徳島県鳴門市クリーンセンター(同市瀬戸町堂浦)のごみ焼却炉から出る排ガスを巡り、有害物質の濃度表示が国基準値を超えないよう、2008年4月の操業開始当初から設定されていたことが市への取材で分かった。メーカーの三機工業(東京)が独断で設定した可能性もあるが、市は本当に知らなかったのか、地元住民の間で不信感が募っている。
市によると、2基ある焼却炉は2008年4月の操業開始で、1日最大各35トンのゴミを処理できる。排ガスに含まれる窒素酸化物、硫黄酸化物、塩化水素、ばいじん、一酸化炭素の5種類の物質をセンターの煙突そばで測定し、データ(最大、最少、平均値)をまとめている。平均値の結果は、センター前の電子表示板やホームページなどで公表していた。
問題発覚は5月下旬で、上田公司市議(共産)がセンターを視察した際、中央制御室の端末で「ピークカット設定」との表示に気づいた。同行の市職員も知らなかったため、三機工業に問い合わせると、平均値が基準値以下に表示されるように設定していたことを認めた。
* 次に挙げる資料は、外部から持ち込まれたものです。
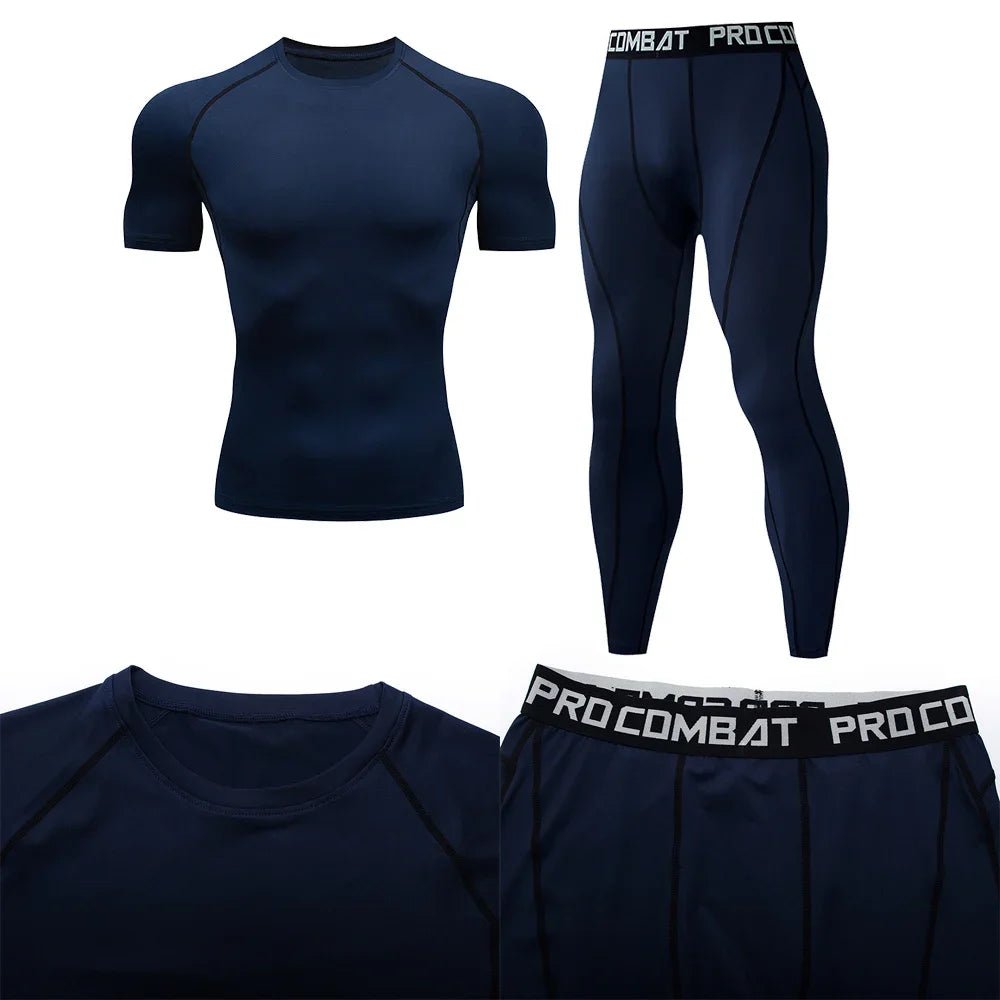 Men's Compression Sportswear Suit GYM Tight Clothes Yoga Sets Workout Jogging MMA Fitness Clothing Tracksuit Pants SportingEstaliosFitEstaliosFit184449441;2026057;17781803887LrAJ
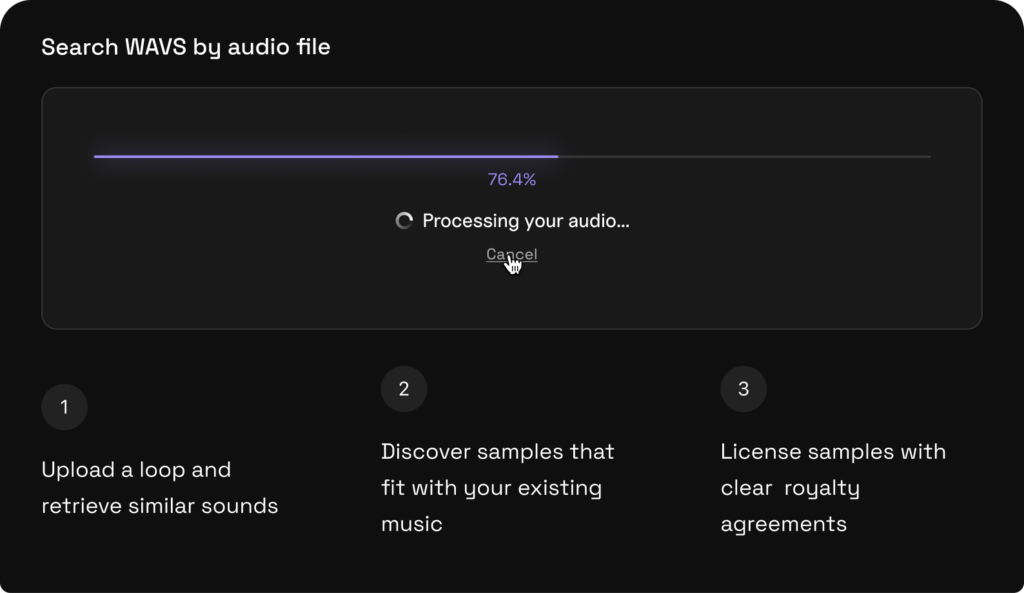 WAVS AI audio search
廃棄物処理法施行規則では、排ガス中の一酸化炭素濃度は100PPM以下の状態でごみを焼却するように定めている。ピークカット設定の結果、100PPM以上を測定すると99PPMと表示されるようになっていた。6月12日に設定を解除すると、同23日までの12日間で、一酸化炭素の1時間平均は国の施行規則で定める100PPMを6回上回り、19日正午には276PPMという高い値を測定した。他の4物質についても施行基準の値を下回るよう設定されていたが、解除後に基準を超えたことは今のところないという。
市は「メーカーが独自に設定していたもので、市は関与していない」としている。ただ、08年の操業開始以降、市は第三者機関に有害物質の測定を依頼。その第三者機関からは、一酸化炭素について、基準値を超える測定結果が複数回提出されていながら、何ら対応せず、「放置」していた実態が最近になって判明。市はこの点について、「結果は、課長含む担当者4人ほどで回覧していた。担当者が異動したので、COが基準値を上回っていたことに気づいていたかは、分からない」と釈明しているが、市側でも早い段階で測定値操作に気付く機会があったことになり、市民の不信感を増幅させている。
三機工業広報IR部の担当者は取材に「すでに退職した当時の責任者を含め、関係者に聞き取りなどをして経緯や目的を調査している。鳴門市民の方には大変迷惑をおかけして申し訳ない」と述べた。市は今後、三機工業からの調査結果を踏まえ「地域全体に説明していきたい」としている。